Mas eram grandes os receios de que este ano o casal não regressasse ao ninho. No Verão passado, um incêndio no Parque Natural do Douro Internacional atingiu o ninho deste casal de abutre-preto e causou a morte da cria. “Tentámos evitar que o casal abandonasse a região” este ano, explicou Joaquim Teodósio. Durante o Inverno, a equipa – da qual também fazem parte elementos da associação Palombar e da Associação Transumância e Natureza (ATN) – reforçou o alimento nos campos de alimentação suplementar para abutres e instalou dois novos campos de alimentação perto da zona onde os abutres tinham nidificado em anos anteriores.

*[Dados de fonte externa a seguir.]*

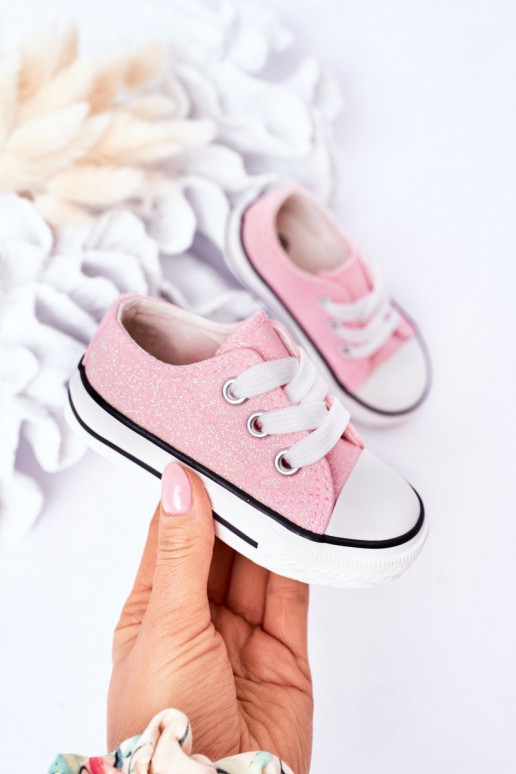 Zapatos casual infantiles con purpurina en color rosa Bling-Bling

Em Novembro, o casal chegou às arribas do Douro. Mas o seu ninho já tinha ardido e, “numa região ainda debilitada pelos efeitos do fogo, não sobravam muitas opções, pois a maior parte das árvores mais robustas tinham ardido”, escreve a Spea em comunicado.

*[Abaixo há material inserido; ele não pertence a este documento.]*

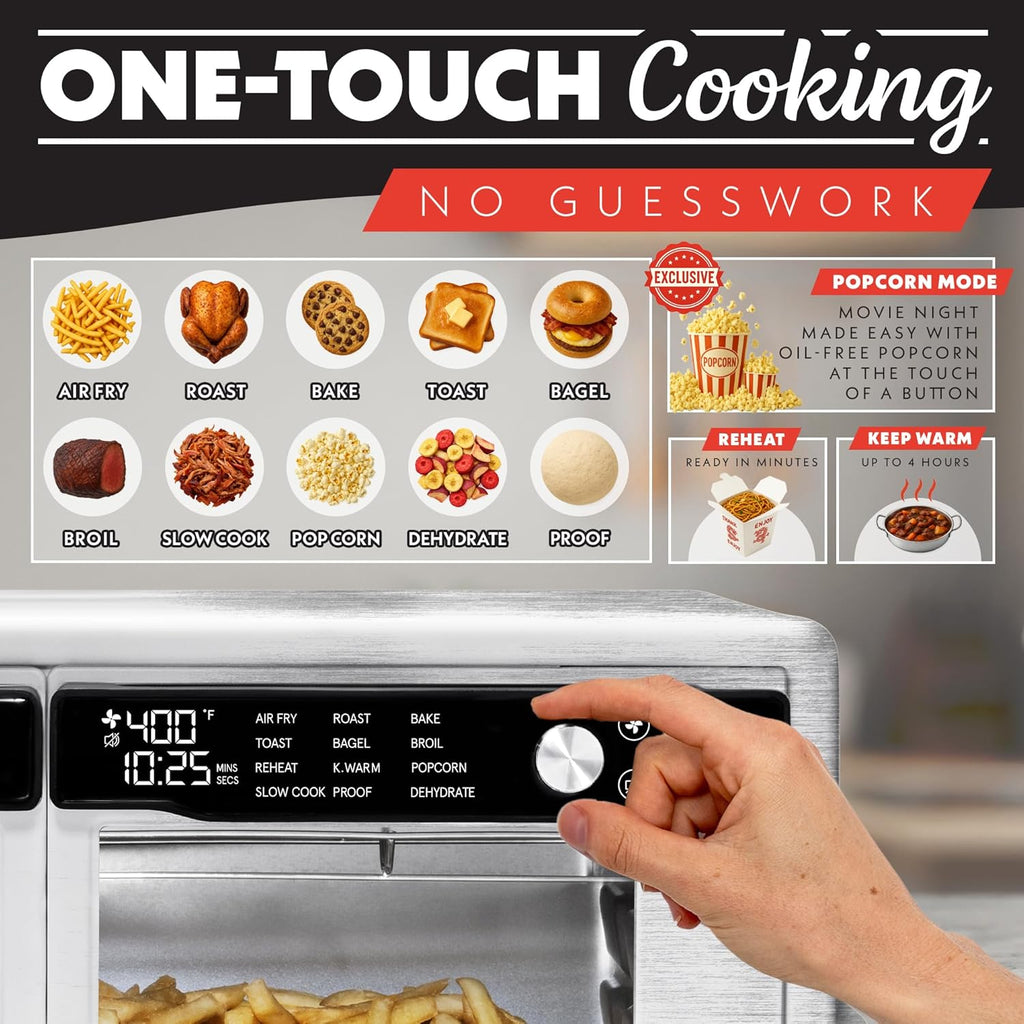 French Door Air Fryer Oven - 37 Qt Large Capacity Convection Toaster Oven, FryForce 360°, Digital Display, 12 Cooking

O casal decidiu fazer ninho num zimbro parcialmente ardido, o que levantou dúvidas sobre se a árvore aguentaria o peso do ninho, do casal e de uma eventual cria. Mas em Fevereiro o casal pôs um ovo. E em Março, nasceu uma cria, que esteve sob a vigilância constante e discreta de elementos do ICNF com apoio do Parque Natural de Arribes del Duero, do outro lado da fronteira.

Com o mau tempo da Primavera, “as dúvidas quanto à resistência da árvore iam aumentando”, já que o ninho estava muito instável. “Depois de consultar especialistas e acompanhar a situação durante várias semanas, a equipa do ICNF decidiu intervir. A árvore estava bastante fragilizada e por isso teve de ser escorada e presa com uma cinta para a impedir de cair”, escreve a Spea.

Mas, apesar de os progenitores se terem mantido afastados do ninho e da cria – na altura com seis semanas de vida – durante um dia e meio, acabaram por regressar e continuar a alimentá-la. Foi um “alívio colectivo”.

Hoje, a cria está “forte e saudável, pronta a fazer-se à vida”. “Ver esta cria crescer e fazer os primeiros voos é importante pela história deste casal, e pelo que passaram, mas também pelo que representa para a espécie, porque nos dá esperança que possamos vir a ter um novo núcleo de abutres-pretos no nordeste de Portugal”, disse Joaquim Teodósio.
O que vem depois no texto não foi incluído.